有限会社村田商店の代表取締役社長で一茶納豆三代目の村田滋氏に「信州大豆ひとすじ 農家と共に歩む納豆づくり」の演題でお話ししていただきました。
戦前台湾で役人をしていた祖父が日本に引き上げて納豆を作り始めたのが家業の始まりです。山形や京都の親戚も同業を営んでいるので教えてもらったのかもしれません。
私が三代目として家業を継いだころから、食品スーパーの出店が加速しました。スーパーの販売力が強まり、バイヤーの指示で業界横並びの画一的な商品を低価格で販売する、まさに下請け企業になっていくところでした。
忙しく働いても売上が上がらず、利益も出ない状態で、廃業も考えているときに長野県産の大豆をサンプルとしていただく機会がありました。問屋さんから仕入れた大豆とは別に納豆を作ってみると優れた製品が出来、これにかけてみようと決心しました。
原料を問屋さんから仕入れると作柄のバラツキや異物混入のリスクは問屋さんが負担してくれるのですが小さな会社が一社で対応するのは非常に大変でした。松本を中心に契約栽培を始めましたが、自然相手の農業は天候により左右されなかなか品質や収量が安定しませんでした。今は強い信頼関係が出来、当社の強みになっています。小石や砂が混じる異物混入対策にも苦労しました。収量を上げるため、手作業で選別を行ったこともあります。投資が大きく悩みましたが、石の選別機や色彩選別機を導入しました。品質維持のためにはコストがかかります。
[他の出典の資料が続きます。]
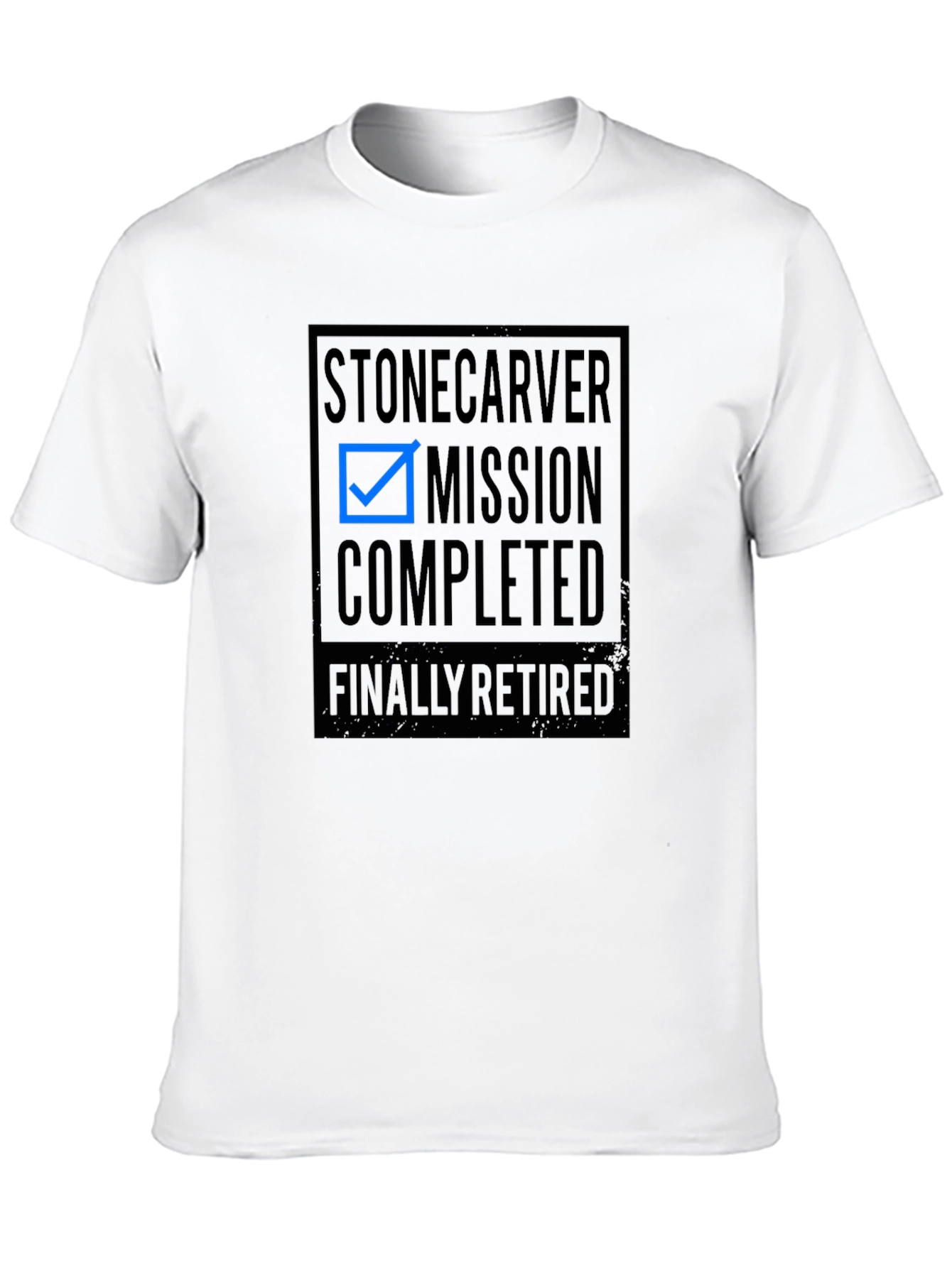 Stonecarver Mission Completed Retirement T-Shirt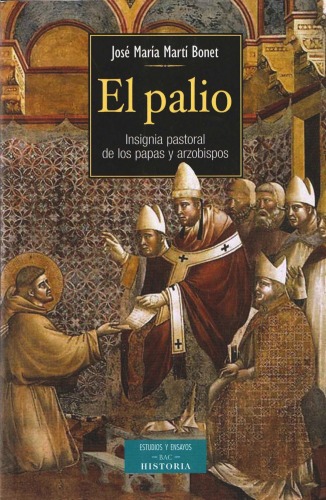 El palio. Insignia pastoral de los papas y arzobispos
毎日食べても飽きることのない納豆作りを目標にして努力してきた結果、平成25年2月開催の第18回全国納豆鑑評会において、最優秀賞にあたる農林水産大臣賞をいただきました。昨年は大豆の出来が良くなかったのですが、優秀賞をいただきました。儲けよりも品質を重んじる職人の心を持ち、努力していきたいと思っています。